* _Exercise data_
☆ ☆ ☆ ☆ ☆
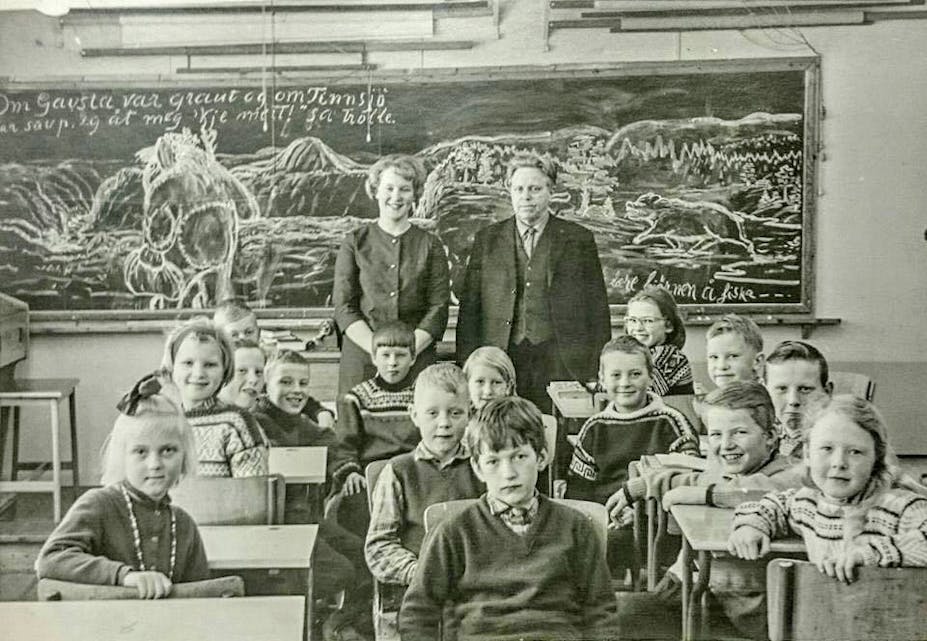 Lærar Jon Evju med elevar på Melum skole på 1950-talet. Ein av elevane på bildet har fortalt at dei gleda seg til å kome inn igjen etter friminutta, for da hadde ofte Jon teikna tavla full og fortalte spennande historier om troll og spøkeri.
☆ ☆ ☆ ☆ ☆
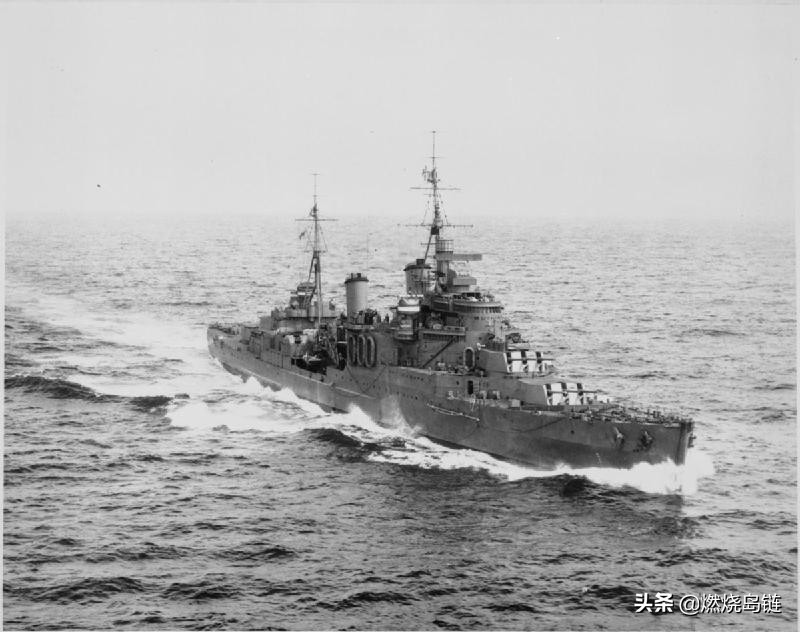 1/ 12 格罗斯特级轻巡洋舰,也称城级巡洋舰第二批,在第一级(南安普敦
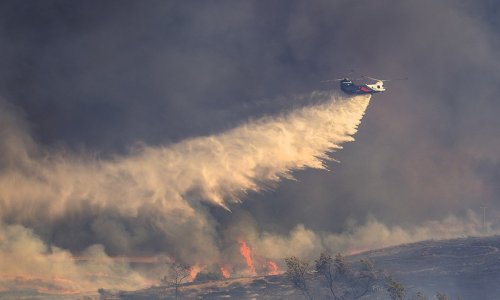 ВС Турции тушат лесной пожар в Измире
☆ ☆ ☆ ☆ ☆
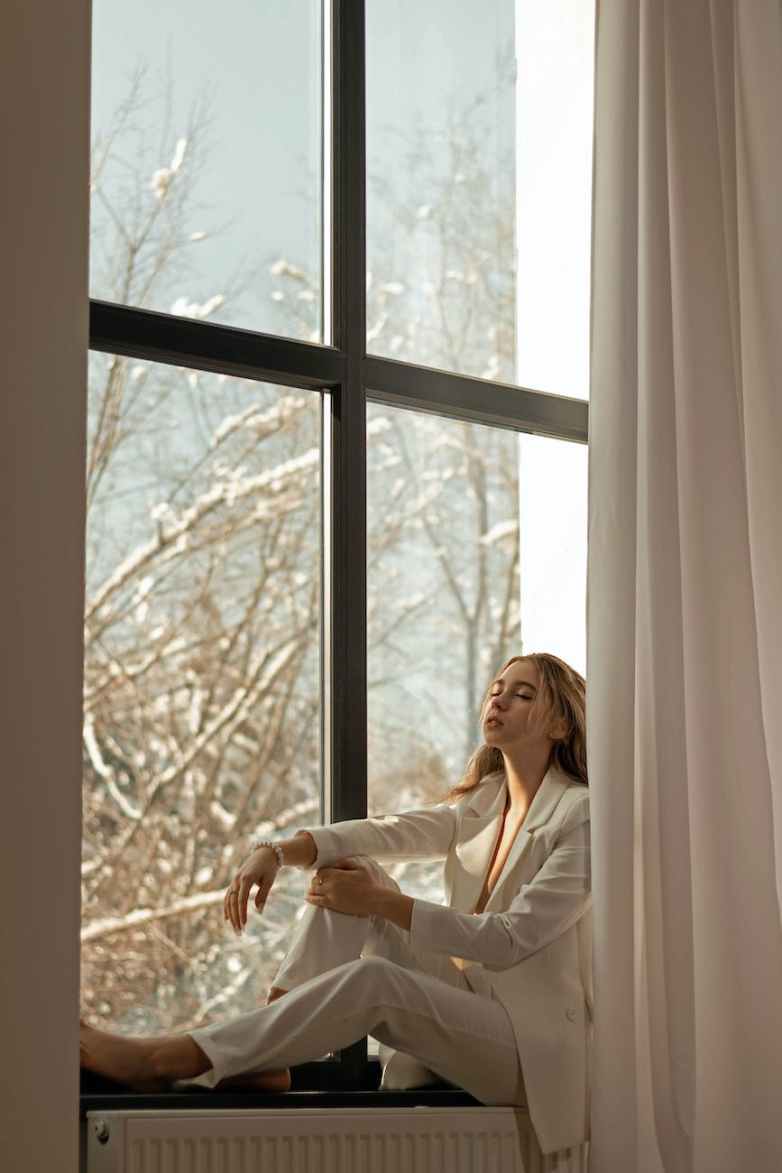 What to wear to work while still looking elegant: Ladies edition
☆ ☆ ☆ ☆ ☆
Working from the entries above, reproduce exactly and only the lines beginning with the line that has "1/ 12 格罗斯特级轻巡洋舰,也称城级巡洋舰第二批,在第一级(南安普敦" and ending with the line that has "ВС Турции тушат лесной пожар в Измире"; omit all pictures.

* _Output_
 1/ 12 格罗斯特级轻巡洋舰,也称城级巡洋舰第二批,在第一级(南安普敦
 ВС Турции тушат лесной пожар в Измире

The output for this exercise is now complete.